Pałacyk przy ul. Strażackiej został wybudowany w 1897 roku przez rodzinę Brassów. Po II wojnie swiatowej, w ramach nacjonalizacji, stał się własnością państwa. Przez kilkadziesiąt lat dwukondygnacyjny budynek, zwany pałacykiem fabrykanta, był siedzibą komisariatu – najpierw milicji, potem policji. Niestety – resort nie przykładał się do utrzymania zabytkowego obiektu, budynek więc niszczał.

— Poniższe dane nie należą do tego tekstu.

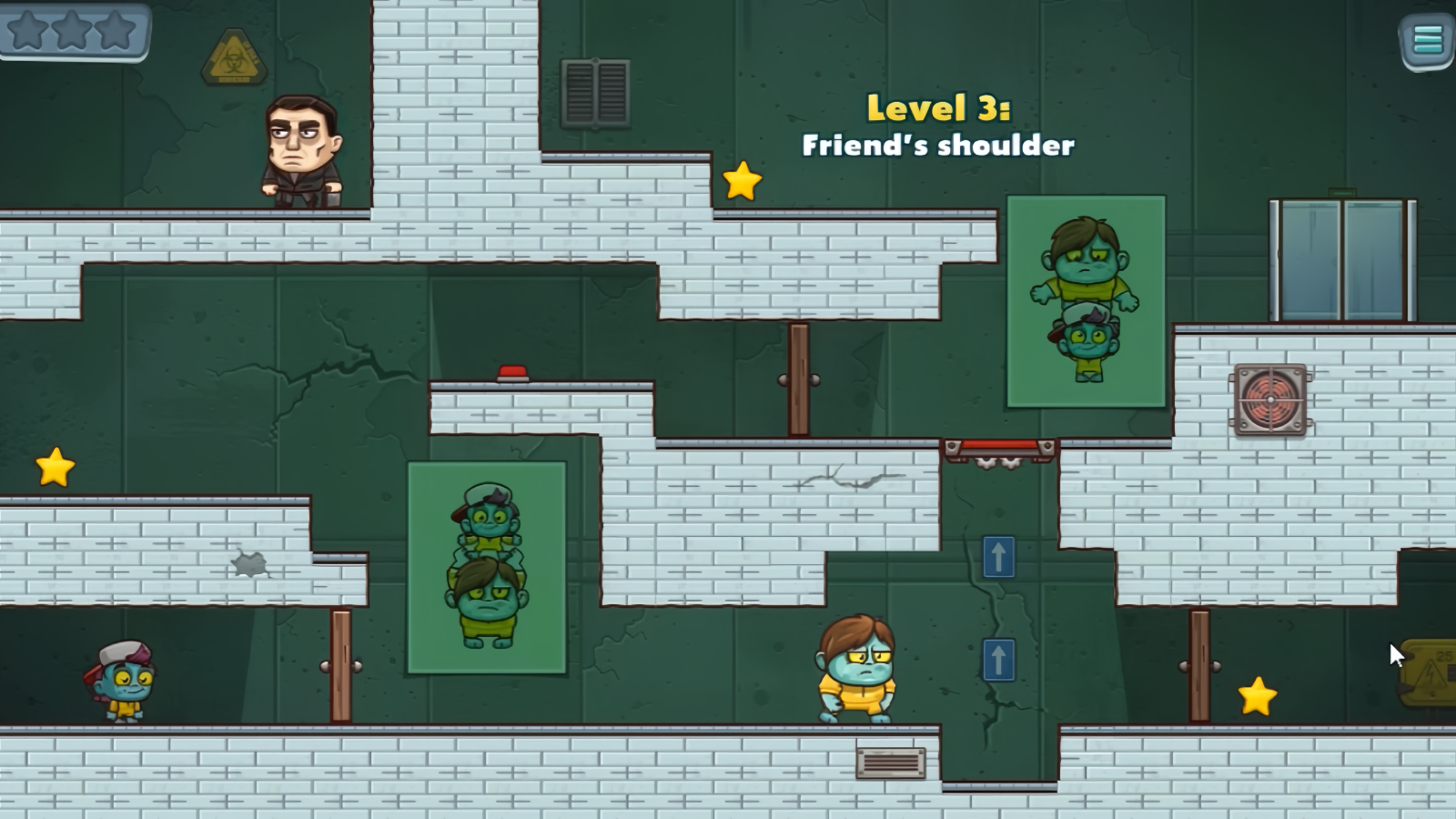 Zoom-be — скриншот 2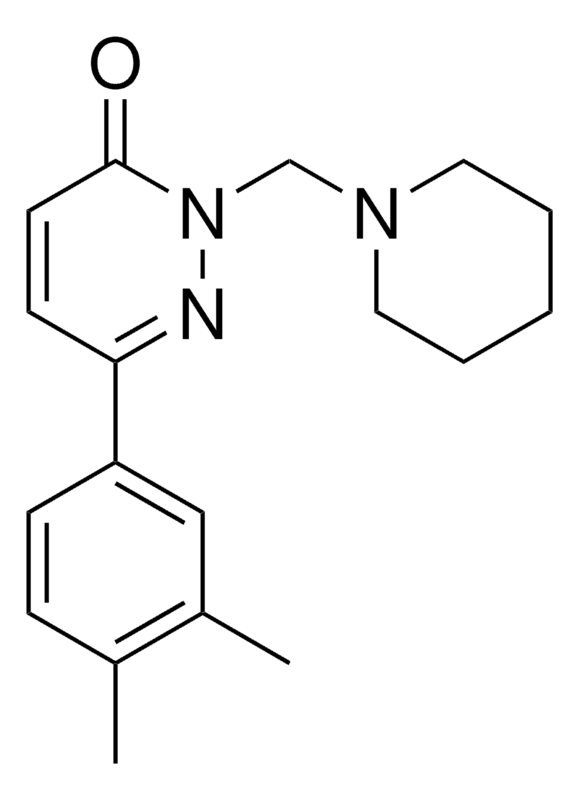 Merck 6-(3,4-DIMETHYLPHENYL)-2-(1-PIPE-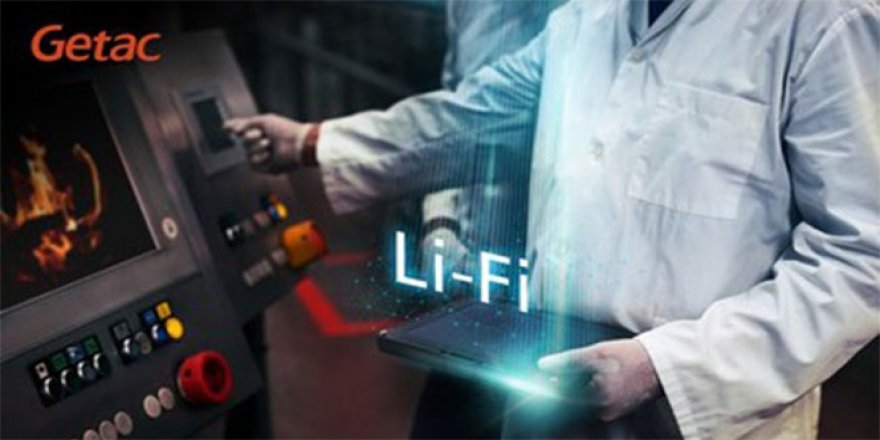 LiFi teknolojisi dayanıklı taşınabilir bilgisayar pazarında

Nieremontowany pałacyk został zaniedbany do tego stopnia, że w 2009 policja wyprowadziła się z niego, bo nie nadawał się już do użytku. Zarząd nad pałacykiem przejęło wtedy miasto, które teraz – za zgodą wojewody – wystawia nieruchomość na sprzedaż. Licytacja odbędzie się 12 kwietnia w sali sesyjnej magistratu.
Cena wywoławcza za budynek wraz działką o pow. 0,2 ha wynosi 913 tys. zł. Co istotne, cena nieruchomości osiągnięta w przetargu zostanie obniżona o 50 procent, ponieważ obiekt jest wpisany do rejestru zabytków, z czym z kolei wiąże się to, że wszelkie prace w nim prowadzone muszą być realizowane pod nadzorem konserwatora zabytków. To znacznie podniesie koszty modernizacji.